Congrats on your new toys and thnx for your review of those. Pump em out.


----------



## pjones46

Thanks Roger. It should make it a lot easier.


----------



## michelletwo

I have been aware of the duplicator for years and have wondered how good the unit was..quite an investment $$$ wise. Now you will have to make hundreds of spindles and table legs  have fun thanks for the early review.


----------



## pjones46

Thanks for your comments, michelletwo.

Last year I did a little over 800 spindles for local conservancy organizations and local builders/renovators; this will be a great time saver. Really do not make much of a profit, but, it fills in down time during the year, but now I will be able to use it for table legs, etc as well with considerable time savings.


----------



## BRTree

Great review, thanks. Curious, what grit sandpaper do you have to start with after the duplicator finishes?


----------



## pjones46

Depending on the wood and how well it responds to the cuts, I start with either 100 /120 grit paper as the first sanding grit depending on how well I have completed the turning. I try to get a surface as smooth as possible off of the lathe tool before sanding. I never try to use sandpaper to "fine tune" the turning, but rather to take the tooled surfaces to a fine glass smooth finished surface. Also, I pay close attention to leave the sharp transitions of the turning such as cove and bead edges on a spindle.then progress through the grits from 120, 180, 220, 320, 400 and sometimes even 600 grit depending on the finish I desire. Further, I use cloth backed sanding stock.

For spindle sanding, I prefer to reverse the direction of the lathe when possible for two primary reasons. The first is safety. When having the turning spin away from you (relative to the top surface of the turning), if you run into trouble with sand paper slipping, it will be pulled away from you out of your hand rather than the skinned knuckle (or worse) alternative if having the sandpaper wrap around the turning and pulling your finger in giving it a good sanding rather than your spindle.

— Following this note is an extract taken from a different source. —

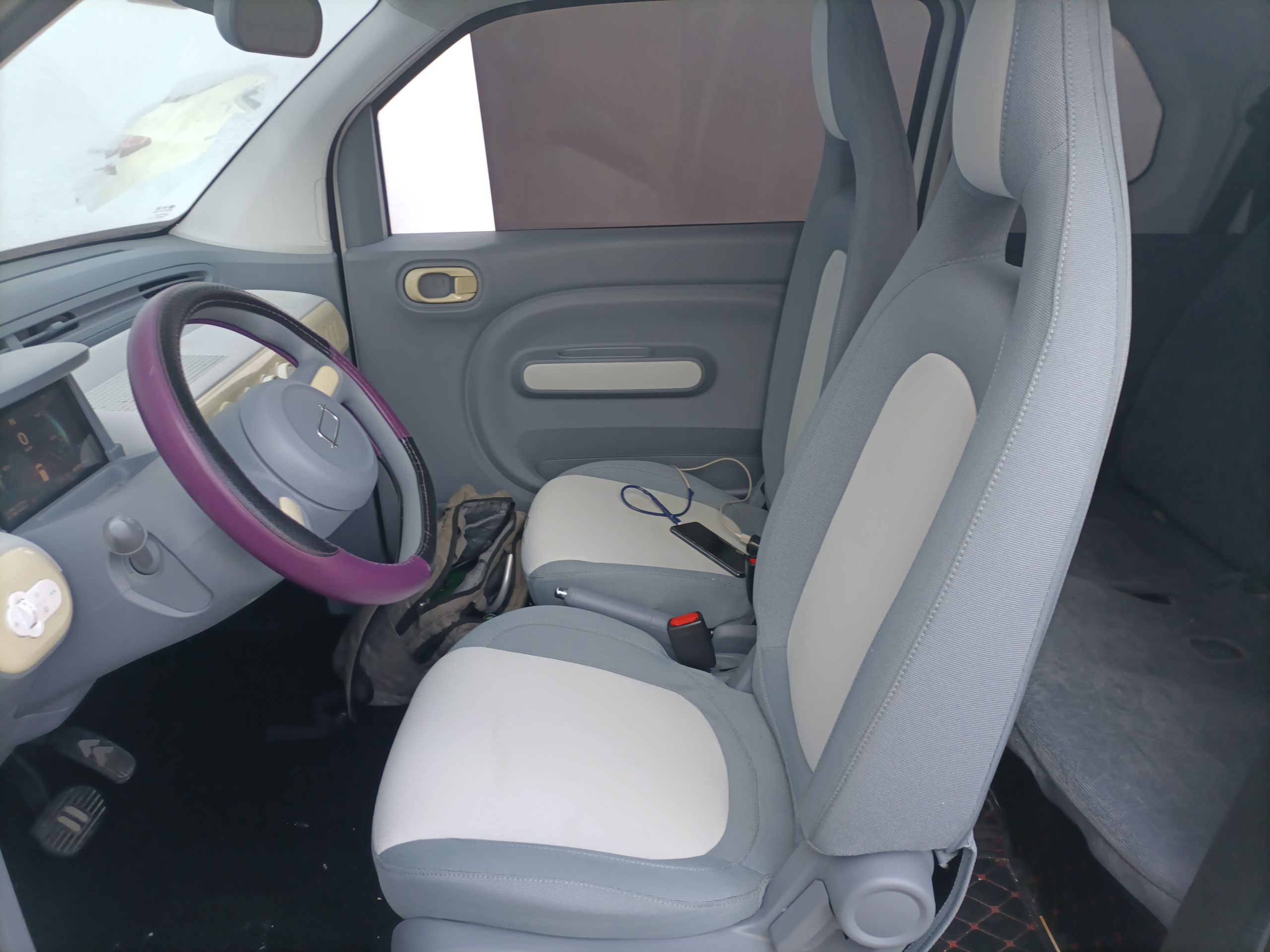 Переднее сиденье в автомобиле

Dust (another important safety topic). Note that with the lathe direction reversed, you are sanding on the top of the turning, and the dust is therefore projected mostly away from you rather than up and at your face. I always use a dust collector behind my lathe and this method of sanding actually directs the majority of the sanding dust directly into the dust collector.

Moving the sandpaper back and forth along the axis of the lathe also minimizes grooving.

Hope this answers your question.


----------